Capula Klein’s Bottle, 2007. Stainless steel frame and woven vinyl chord, 95 x 178 x 92 in.

Building New Topias: A Conversation with Pedro Reyes

The methods employed by an artist in producing a body of work are often made up of intricate and personal associations that may confound the way a viewer assimilates knowledge. Pedro Reyes, architect, cultural agent, and artist, employs simple means: objects and casual scenarios that blend the realms of utopia, psychology, function, individual fantasies, and collective aspirations. His works, often emerging from existing forms, are re-ordered into meaningful participatory events and social renewals, a strategy that aligns them with the theories of Nicolas Bourriaud. For Bourriaud, “the role of artworks is no longer to form imaginary and utopian realities, but to actually be ways of living and to produce models of action within the existing reality, whatever the scale.” Reyes’s work is conceptually based and visually unpredictable. His project Palas Por Pistolas, presented at a talk at the Storefront for Architecture in New York City in October 2007, inspired this interview. Reyes’s collaboration with architect Teddy Cruz, “Conflict Resolution,” was recently hosted by the San Francisco Art Institute, and the exhibition “Pedro Reyes: 47 Undertakings” recently closed at the Bass Museum of Art in Miami.

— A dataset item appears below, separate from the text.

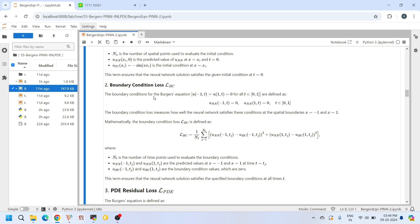Next we have the boundary condition loss. This loss ensures that the neural network satisfies the boundary conditions at the two spatial boundaries, at x=-1 and x=1 — the left and right ends. At these boundaries, for any value of t, the solution u(x, t) should produce zero. This loss function has two components: the left boundary condition and the right boundary condition. Here u_NN represents the solution from the neural network and u_BC represents the actual value. We take the difference and evaluate the mean squared error loss.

Carolee Thea: How did Palas Por Pistolas come about?
Pedro Reyes: I was invited to do Palas Por Pistolas for the botanical garden in Culiacán, a city in western Mexico with the highest number of gun deaths in the country. The gardens are beautiful and bucolic, considered the best collection of tropical plants in the Americas, but outside the walls, violence prevails. My project tried to bridge the two worlds. My initial step was to organize a campaign in cooperation with the city government—collecting weapons and melting the metal into shovels that would later be used to plant trees in the city and beyond. It’s like a transmutation of metal motivated by the social design embedded in the process of removing the weapons from circulation—like agents of death turned into agents of life. I want to believe that by taking 1,500 arms out of circulation we might save a few lives, but the real purpose of the piece is to add a story to the world, so in other cities they will say, “In Culiacán, they did that. ”

CT: Who instigated the project?
PR: I was invited by the curator Patrick Charpenel and the patron of the botanical garden, Agustin Coppel, a visionary philanthropist. I quickly understood that Culiacán is like a gun-slinging town in an American Western. In my research, I spoke with many people who knew of someone, in their own family or another one, who had been shot. My ensuing deliberations connected the guns and the garden to produce a social metamorphosis.

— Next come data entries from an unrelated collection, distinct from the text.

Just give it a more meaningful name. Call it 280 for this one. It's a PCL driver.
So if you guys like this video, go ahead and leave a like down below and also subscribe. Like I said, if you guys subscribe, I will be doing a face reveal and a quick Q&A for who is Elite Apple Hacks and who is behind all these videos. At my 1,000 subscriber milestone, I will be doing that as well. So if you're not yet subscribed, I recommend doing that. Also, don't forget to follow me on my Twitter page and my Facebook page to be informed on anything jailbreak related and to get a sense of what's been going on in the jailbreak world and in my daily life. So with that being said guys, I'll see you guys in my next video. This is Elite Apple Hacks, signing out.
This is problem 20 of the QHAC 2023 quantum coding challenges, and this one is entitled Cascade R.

CT: Instead of a traditional approach to making sculpture for a specific site, you negotiated several environments, seizing on the opportunity to collaborate with an institution to transform its surroundings. This is a very different approach than that used by artists in the ’60s and ’70s, when symbolic means exposed social inequities and anti-democratic institutions. Enlisting the help of institutions was not desirable.
PR: The point you make is very interesting. Often the idea of resisting the institution is a bit like renouncing your responsibility, because the people working within the institutions may want to dialogue, and furthermore, they may be willing to be called into the project. For me, the idea of going against the institution is childish.